Gorontalo, atau juga sering disebut Hulontalo (dalam penyebutan warga lokal, huruf T dibaca Dh: Hulondhalo) merupakan daerah yang memiliki masyarakat Muslim banyak. Sejarah Islam di Gorontalo sendiri memiliki kisah romantis. Seiring berjalannya waktu, masyarakat lokal menyebut Gorontalo dengan sebutan Serambi Madinah. Munculnya sebutan ini adalah cerminan kondisi sosial-budaya dan agama masyarakatnya yang menjunjung tinggi nilai adat, budaya, dan kesopanan yang sesuai dengan semboyan adati hula-hula’a to syara’a, syara’a hula-hula’a to qurani, artinya, adat bersendikan syara’ dan syara’ bersendikan Qur’an.

Sebutan Serambi Madinah untuk Gorontalo harusnya menjadi refleksi terhadap kerukunan umat beragamanya, seperti pada kisah Bumi Manusia. Tak ada superioritas dalam berkehidupan sosial. Tidak ada yang unggul. Semua memiliki hak yang sama. Namun kisah demi kisah yang akan saya ceritakan kembali ini menuai pertanyaan lagi di kepala saya tentang julukan Serambi Madinah bumi Hulontalo.

***

Kisah ini dituturkan oleh kaum-kaum minoritas. Mereka yang jumlahnya paling sedikit di bumi Hulontalo. Sebut saja namanya Putu Andita, salah satu umat Hindu yang bermukim di Hulontalo. Saat itu Putu berkisah pengalaman lucu keberagamaannya. “Menurut saya ini sebenarnya bukan kisah pilu, tapi lebih ke lucu. Karena persoalan toleransi menurut saya sudah clear. Tidak ada lagi perbedaan selagi kita masih manusia,” ucap Putu.

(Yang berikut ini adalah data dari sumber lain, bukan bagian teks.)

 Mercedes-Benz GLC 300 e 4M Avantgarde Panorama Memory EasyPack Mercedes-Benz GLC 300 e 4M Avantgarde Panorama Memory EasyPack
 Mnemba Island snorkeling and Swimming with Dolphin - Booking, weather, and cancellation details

Putu bercerita salah satu kisah lucu itu. Ketika itu sore hari, ba’da ashar di tahun 2017. Ia tengah duduk santai bersama kawan-kawan di kosan. Sebelum adzan ashar berkumandang, sejumlah kawula muda, kata dia, bertandang ke kosannya. “Lengkap dengan pakaian muslimnya,” tutur Putu.

“Ketika itu, saya dan teman kosan duduk berjejer di teras. Mereka mulai bercerita dan mengajak kami untuk shalat berjama’ah. Saya sontak kaget, dan mengangkat tangan serta menjelaskan bahwa saya non-Muslim. Ketika itu, perlakuan sopan yang saya dapat di awal berubah drastis. Mereka menyuruh saya berdiri di bawah antena TV, seolah sedang menghukum. Nada suaranya tinggi, mirip-mirip membentak. Tapi saya mencoba menjelaskan pada mereka bahwa saya ingin ke kamar saja.”

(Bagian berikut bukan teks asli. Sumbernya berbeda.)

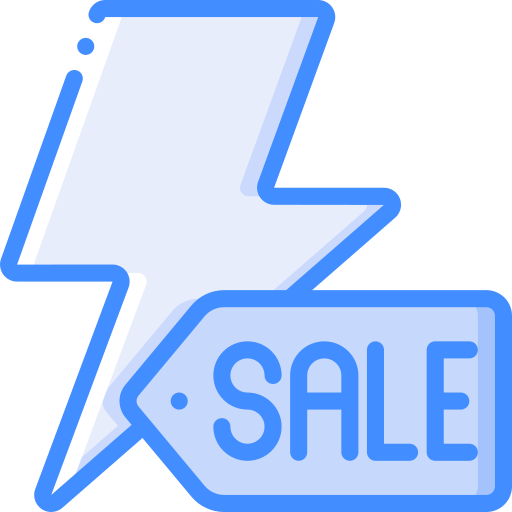vendita flash Basic Miscellany Blue icona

Saya mendengar yang dikatakan Putu bahwa, kejadian itu menurutnya sangat miris, juga lucu. Bahwa masih ada sejumlah kelompok atau orang yang tidak tahu di Indonesia ini tidak hanya ada agama Islam. Putu bahkan menerima sebutan aliran baru terhadap agama yang dianutnya.

“Kejadian itu waktu saya ingin ke Pura untuk beribadah. Saya memakai pakaian adat. Ketika di lampu merah menuju Pura, ada abang bentor di samping saya yang berkata so aliran apa poli ngoni ini (aliran jenis apa lagi ini)”.

Menurutnya, itu menjadi perilaku diskriminatif yang bersumber dari ketidaktahuan. Ketidaktahuan oleh para mayoritas itu juga pernah dialaminya ketika duduk di bangku kuliah. Ia diturunkan dari posisinya sebagai ketua senat mahasiswa hanya karena agama. “Kami tidak bisa protes, karena tidak ada gunanya berdebat dengan orang yang tidak tahu.”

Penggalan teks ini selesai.